Spain will accept the nearly 15,000 refugees that the European Commission is asking it to take in, the government said on Wednesday.
Deputy Prime Minister Soraya Sáenz de Santamaría confirmed the news, but said there was still no arrival date for the 14,931 asylum seekers who will benefit from the decision.
“We are working intensely to ensure that these people are guaranteed not just entry into our country, but also the kind of mid- and long-term integration that they deserve,” said Sáenz de Santamaría.
This group of refugees is part of a larger contingent of 120,000 people whom Brussels is distributing throughout various member states. Germany, France and Spain have been asked to make the largest burden-sharing effort.
The figure also more than triples the number of asylum seekers that European Commission had asked Madrid to accept in May, before the recent surge in people fleeing conflicts in their home countries, particularly in Syria.
While the Popular Party (PP) government had initially balked at the request, arguing that Spain’s resources were already stretched as a result of illegal immigration from Africa, last week Prime Minister Mariano Rajoy suggested that Spain would take in as many refugees as Brussels decided to allocate.
On Wednesday morning Rajoy described European Commission President Jean-Claude Juncker’s ideas about a common migration policy as “a constructive proposal.”

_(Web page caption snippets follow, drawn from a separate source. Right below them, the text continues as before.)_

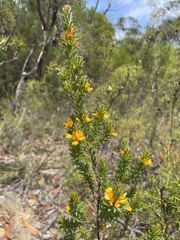 Pultenaea tuberculata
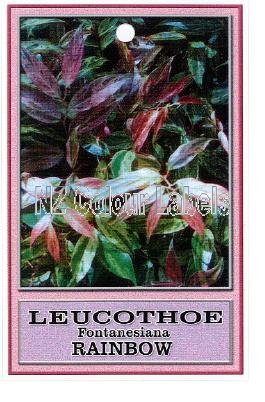 LEUCOTHE fontenesiana Rainbow - Click Image to Close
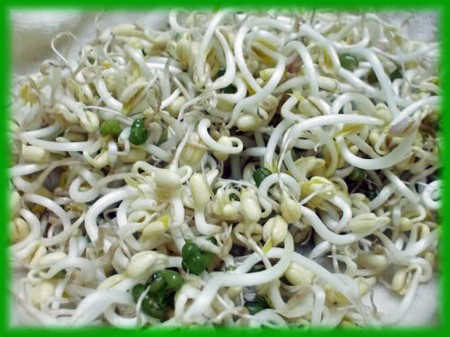 Ngộ độc: cảnh giác với 5 loại thực phẩm thường dùng - Y học - Bệnh lý - Dinh dưỡng và sức khỏe - Y học thường thức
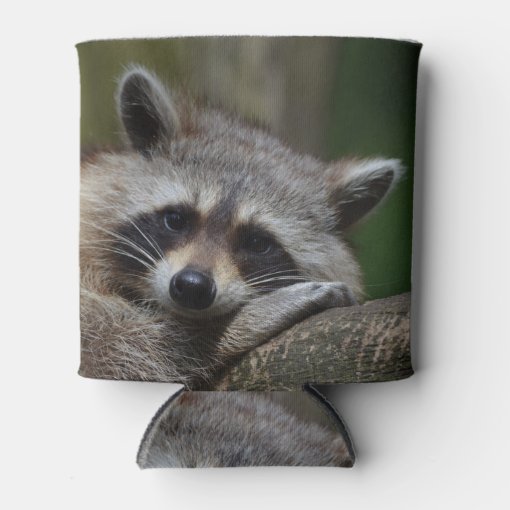 Raccoon Can Cooler Zazzle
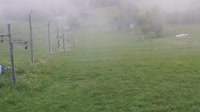 Miniaturansicht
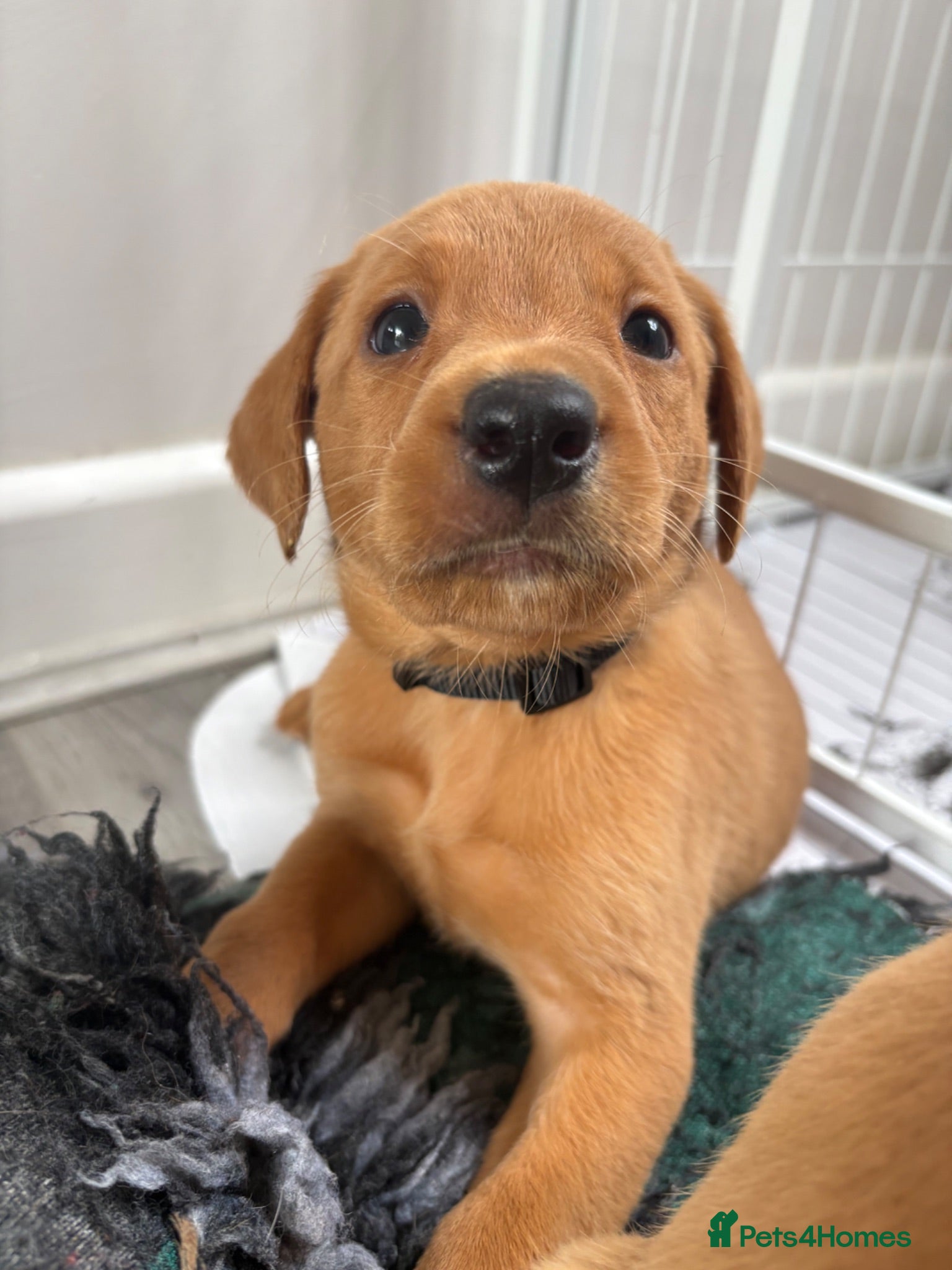Labrador Retriever dogs Exceptional pedigree fox red Labrador retrievers - Advert 2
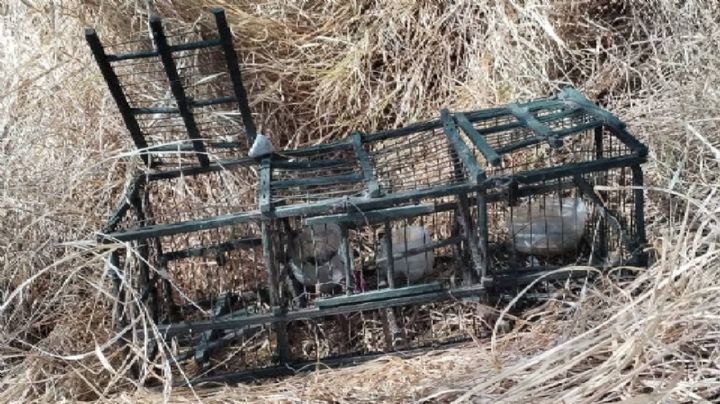 Traficantes de especies ponen trampas en parques públicos para cazar pájaros y reptiles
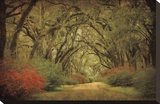 Road Lined With Oaks & Flowers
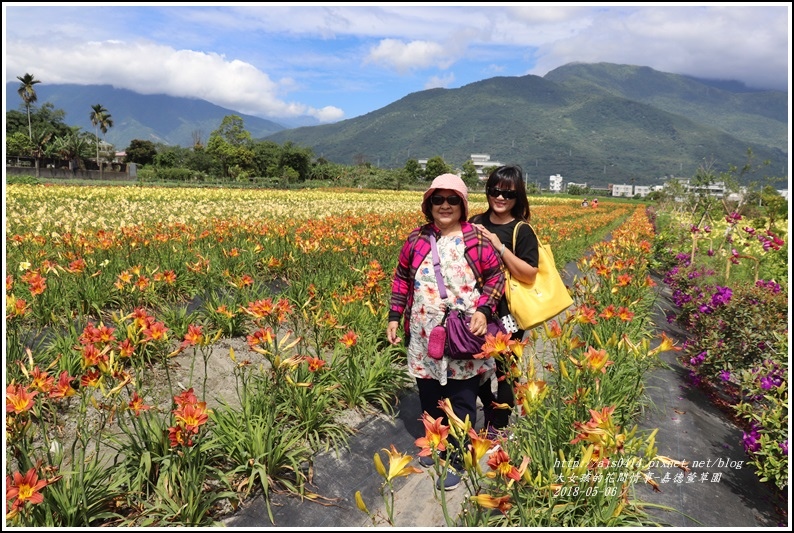 嘉德萱草園-2018-05-29.jpg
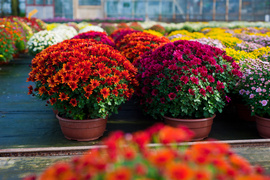 Kwiaty idealne, by wyrazić pamięć o bliskich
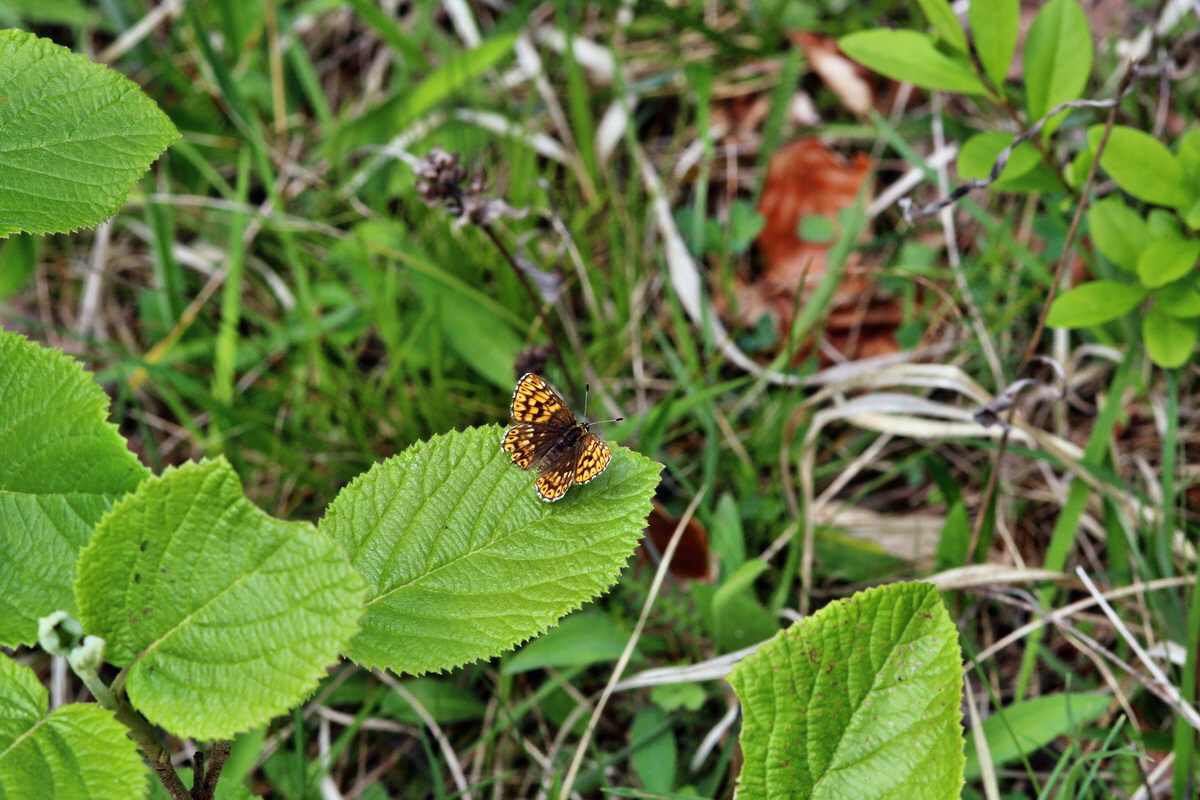 2014_04_23_00041083p_Bildgr��e �ndern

In his first annual State of the Union address to the European Parliament in Strasbourg, Juncker demanded a “comprehensive” approach to Europe’s migration crisis and demanded that members accept binding refugee quotas.
Rajoy was especially supportive of Juncker’s suggestion for a joint €1.8 billion fund to reduce the number of economic migrants from Africa by addressing the root causes of immigration in the countries of origin.
Rajoy agreed with Juncker that the EU had the obligation to devote greater effort and money to cooperation with African countries, and said that all 28 member states should contribute to the €1.8 million fund because migratory crises would become a priority in the coming years.